This work investigates the extent to which phase change material (PCM) in the building's envelope can be used as an alternative to battery storage systems to increase self-consumption of rooftop solar photovoltaic (PV) generation. In particular, we explore the electricity cost-savings and increase in PV self-consumption that can be achieved by using PCMs and the operation of the heating, ventilation, and air conditioning (HVAC) system optimised by a home energy management system (HEMS). In more detail, we consider a HEMS with an HVAC system, rooftop PV, and a PCM layer integrated into the building envelope. The objective of the HEMS optimisation is to minimise electricity costs while maximising PV self-consumption and maintaining the indoor building temperature in a preferred comfort range. Solving this problem is challenging due to PCM's nonlinear characteristics, and using methods that can deal with the resulting non-convexity of the optimisation problem, like dynamic programming is computationally expensive. Therefore, we use multi-timescale approximate dynamic programming (MADP) that we developed in our earlier work to explore a number of Australian PCM scenarios.
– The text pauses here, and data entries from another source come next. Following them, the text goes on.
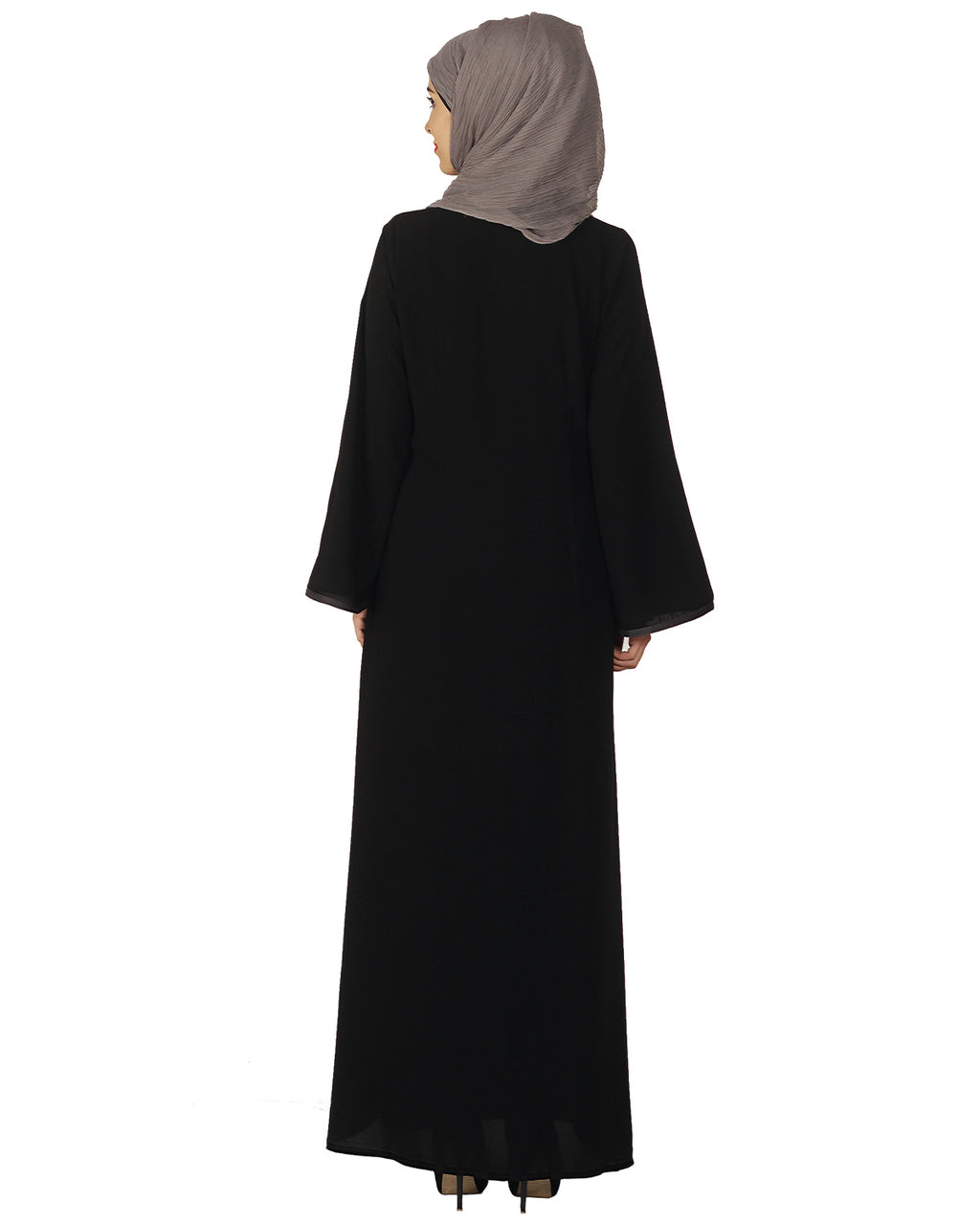 Black Abaya with Grey Thread Embroidery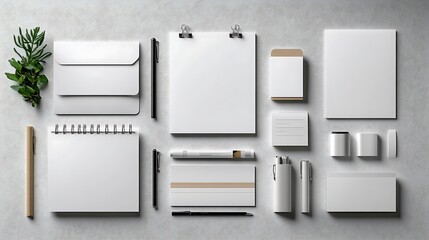 Blank stationery set for branding and design mockups.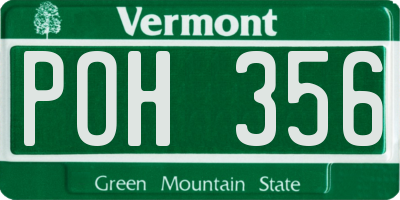 VT license plate POH356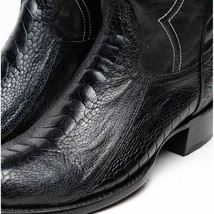 DENVER Genuine Ostrich Leg Skin Cowboy Boot from the Western Collection Black image 8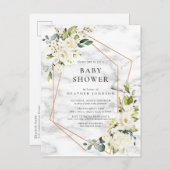 銅大理石幾何学白フローラ赤ちゃんシャワー 案内ポストカード (正面/裏面)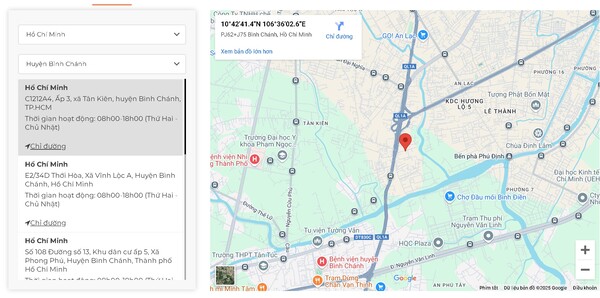 Xem danh sách bưu cục của GHN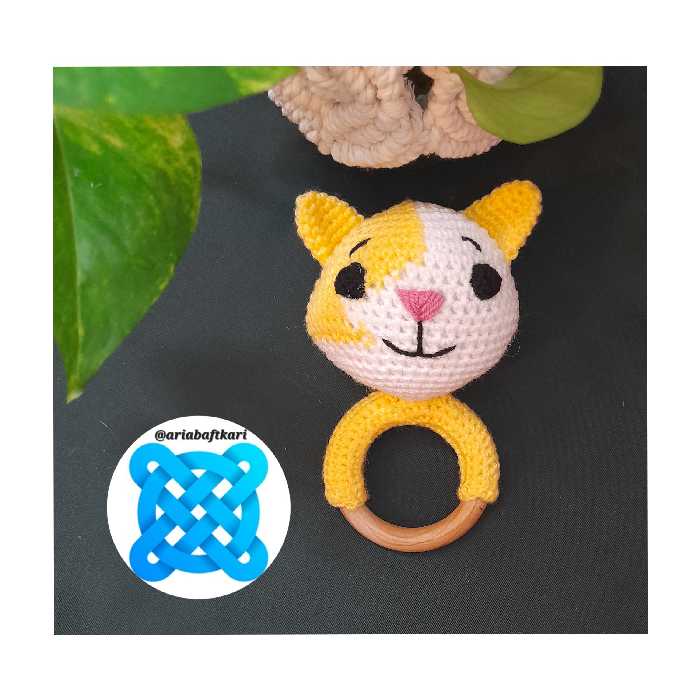 جغجغه گربه عروسک بافتنی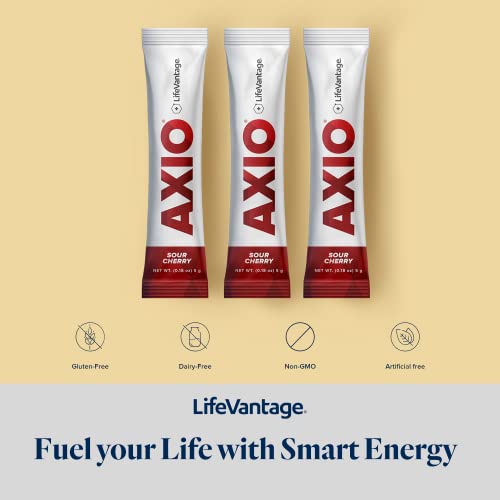Image of LifeVantage AXIO Regular Energy Drink Powder, Nootropic Supplement, Focus & Mood Support, with L-theanine, Green Tea, B Vitamins, DMAE, Quercetin & Pine Bark, Sour Cherry, 30 Packets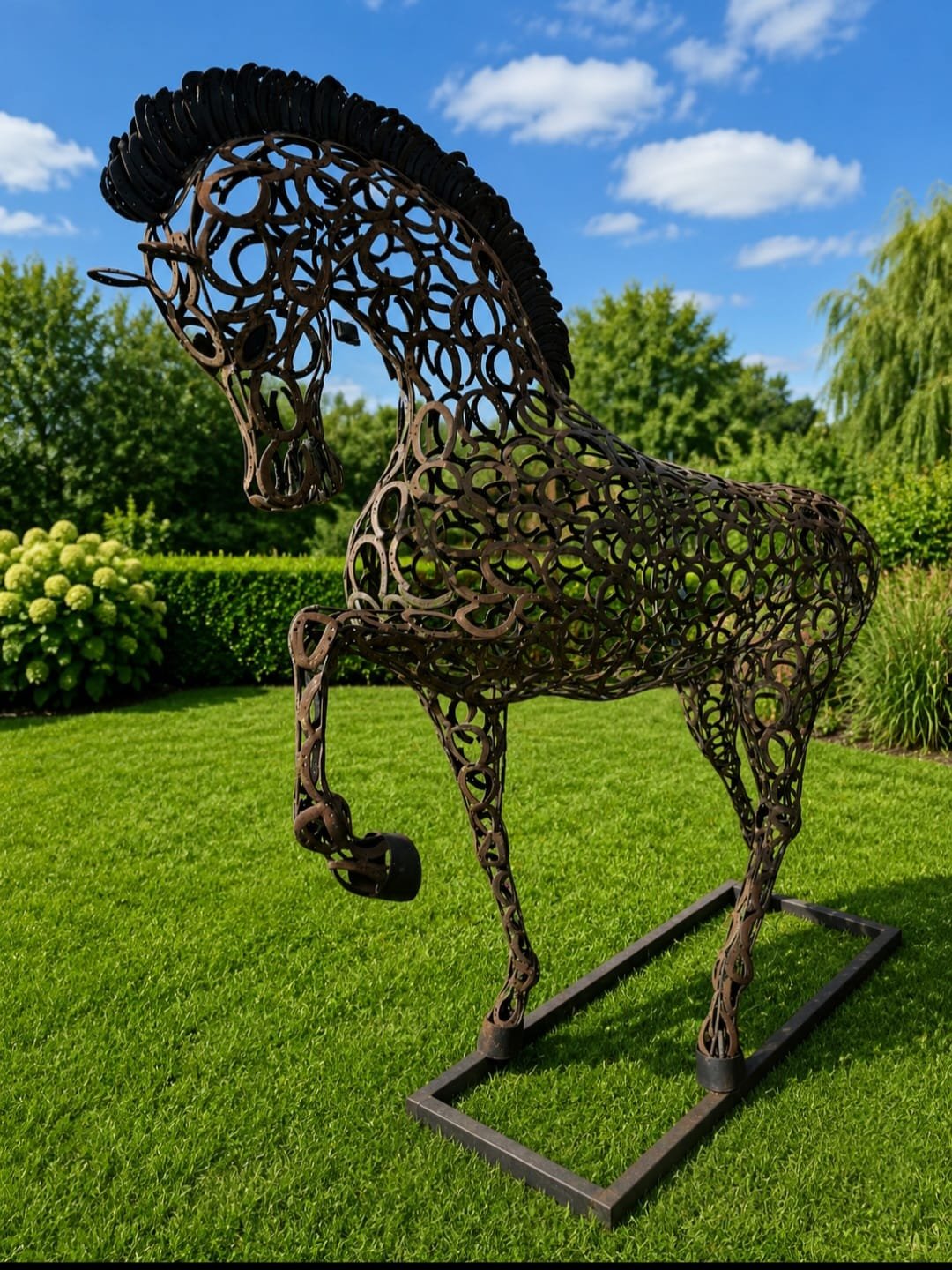 Sculpture en fer représentant un cheval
Specifically, we analyse a large number of residential buildings across five Australian capital cities. We find that using PCM can reduce annual electricity costs by between 10.6% in Brisbane and 19% in Adelaide. However, somewhat surprisingly, using PCM reduces PV self-consumption by between 1.5% in Brisbane and 2.7% in Perth.

Suggested Citation

  • Rahimpour, Zahra & Verbič, Gregor & Chapman, Archie C., 2022. "Can phase change materials in building insulation improve self-consumption of residential rooftop solar? An Australian case study," Renewable Energy, Elsevier, vol. 192(C), pages 24-34.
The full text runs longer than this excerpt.